Keywords: Convolution neural network; multi-head attention; multi-view; RNN; self-attention; speech recognition; transformer

1  Introduction

The recent surge of Artificial Intelligence (AI) in modern technology has resulted in the widespread adoption of Human-Computer-Interaction (HCI) applications. Big corporations in information technology like Google, Apple, Microsoft, and Amazon are relentlessly working to improve the applicability and dynamics of HCI applications using speech recognition algorithms. The importance of recognition systems underscores vast fields, including stakeholders from the domain related to entertainment applications, utility applications and critical lifesaving appliances. e.g., YouTube [1] and Facebook [2] use speech recognition systems for captioning. Various robust voice commands applications are proposed for devices that work in areas without internet services and critical mission's robots [3,4]. Moreover, robust design of micro-controller-based devices which works based on speech commands are also proposed in literature [5]. Apple Siri, Amazon Alexa, Microsoft Cortana, YouTube captions, and Google Assistant [6] deploy speech recognition systems which works based on these designs. Google and Microsoft [7], use deep neural networks-based algorithms that convert sound to text through speech recognition, process the text, and respond accordingly. Typically, deep learning algorithms processes the 1D data as audio is recorded and represented s a 1D waveform [8]. The waveform of the 1D signal is represented in the sinusoidal time domain. In [9], the authors studied the 2D representation of an audio signal called the spectrogram where the frequencies spectrum is derived from the time-frequency domain through Fourier transform.
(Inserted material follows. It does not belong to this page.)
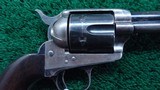 *Sale Pending* - COLT SINGLE ACTION ARMY ARTILLERY MODEL - 6 of 17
Speech signals contains rich prominent features such as emotions and dialect. Studies have been conducted to compare the 1D audio waveform and 2D spectrogram, the spectrogram concluded that the 1D signal does not contain frequency information vital for better speech recognition [10]. Studies shows that 2D spectrogram performs better to extract features for speech recognition. Since a spectrogram focuses on all the frequencies, the recognition system cannot properly differentiate [11] between relevant frequencies and noise. Fusion of mel-scale with spectrogram reduces noise which shows performance improvement in speech recognition. The mel-scale discards noise and amplifies the desired spectrum of frequencies in the 2D spectrogram. The 2D transformation (mel-spectrogram) of audio signal deploy state-of-the-art image recognition algorithms in Neural Networks (N.N) for speech recognition to improve the precision of the system by imitating the human speech perception [12]. The N.N algorithms [13] process raw input data by correlating hidden patterns to recognize similar clusters in data and classify it by continuously learning and enhancing the recognition system. Recurrent NNs (RNNs) [1416], Convolutional NNs (CNNs) [17] and Attention are commonly used to develop speech recognition systems. RNN captures sequential prediction of data using recurrence units to predict pattern for next likely scenario. RNN algorithms and their variants, i.e., Long-Short-Term-Memory (LSTM), and Gated-Recurrent-Unit (GRU) allow the machine to process sequential data models, such as speech recognition. LSTM has become popular in recurrent networks due to its success in solving the vanishing gradient problem by retaining the long-term dependencies of data.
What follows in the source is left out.